* **Exercise details**: The output should be the listing below, limited to the lines from the one with "Hi, my name" through the one with "If you want", exact and without pictures.
━━━━━ Data provided
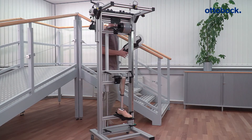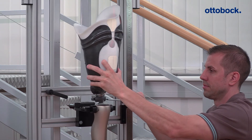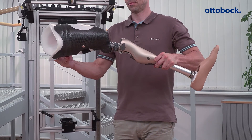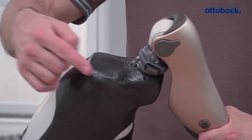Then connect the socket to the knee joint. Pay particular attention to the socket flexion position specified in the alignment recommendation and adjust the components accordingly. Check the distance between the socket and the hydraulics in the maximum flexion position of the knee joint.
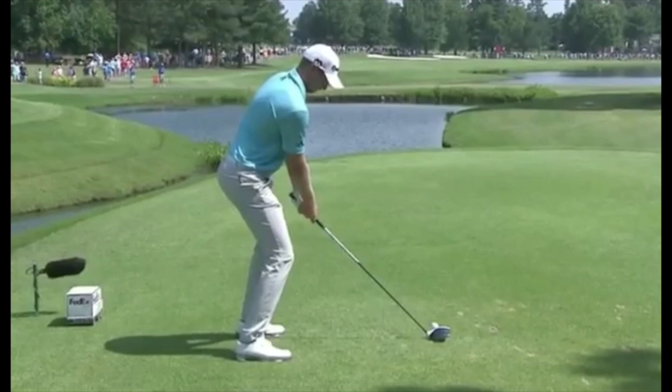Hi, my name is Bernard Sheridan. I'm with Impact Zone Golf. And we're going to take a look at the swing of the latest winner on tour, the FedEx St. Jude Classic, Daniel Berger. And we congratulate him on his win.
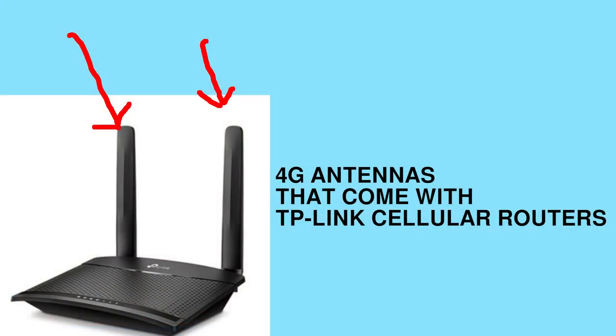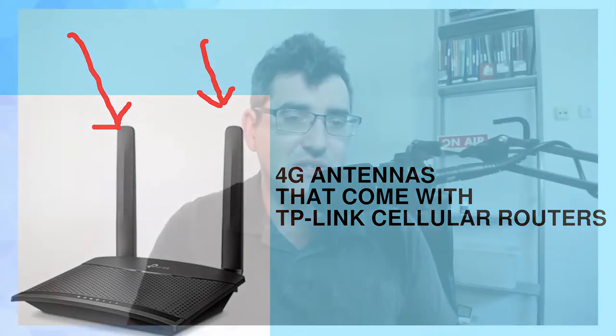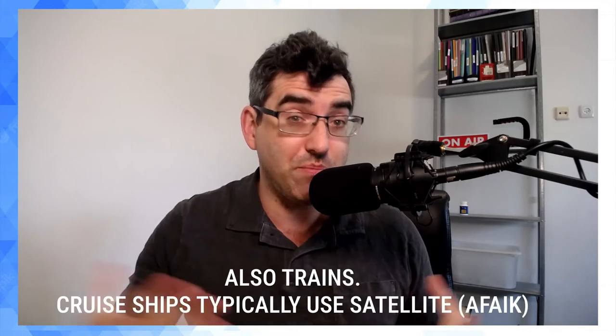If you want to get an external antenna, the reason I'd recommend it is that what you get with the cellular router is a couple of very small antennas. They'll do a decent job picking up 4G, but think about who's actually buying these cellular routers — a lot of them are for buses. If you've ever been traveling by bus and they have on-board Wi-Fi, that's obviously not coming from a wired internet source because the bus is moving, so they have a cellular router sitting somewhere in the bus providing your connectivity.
━━━━━━━━━━
━━━━━ Data provided
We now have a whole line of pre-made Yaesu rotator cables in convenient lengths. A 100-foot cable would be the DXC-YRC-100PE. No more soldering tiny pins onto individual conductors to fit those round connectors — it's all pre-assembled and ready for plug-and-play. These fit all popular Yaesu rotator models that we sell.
━━━━━━━━━━
━━━━━ Data provided
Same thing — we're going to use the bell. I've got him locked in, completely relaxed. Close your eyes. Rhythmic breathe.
━━━━━━━━━━
* **Answer box**:
Hi, my name is Bernard Sheridan. I'm with Impact Zone Golf. And we're going to take a look at the swing of the latest winner on tour, the FedEx St. Jude Classic, Daniel Berger. And we congratulate him on his win.
If you want to get an external antenna, the reason I'd recommend it is that what you get with the cellular router is a couple of very small antennas. They'll do a decent job picking up 4G, but think about who's actually buying these cellular routers — a lot of them are for buses. If you've ever been traveling by bus and they have on-board Wi-Fi, that's obviously not coming from a wired internet source because the bus is moving, so they have a cellular router sitting somewhere in the bus providing your connectivity.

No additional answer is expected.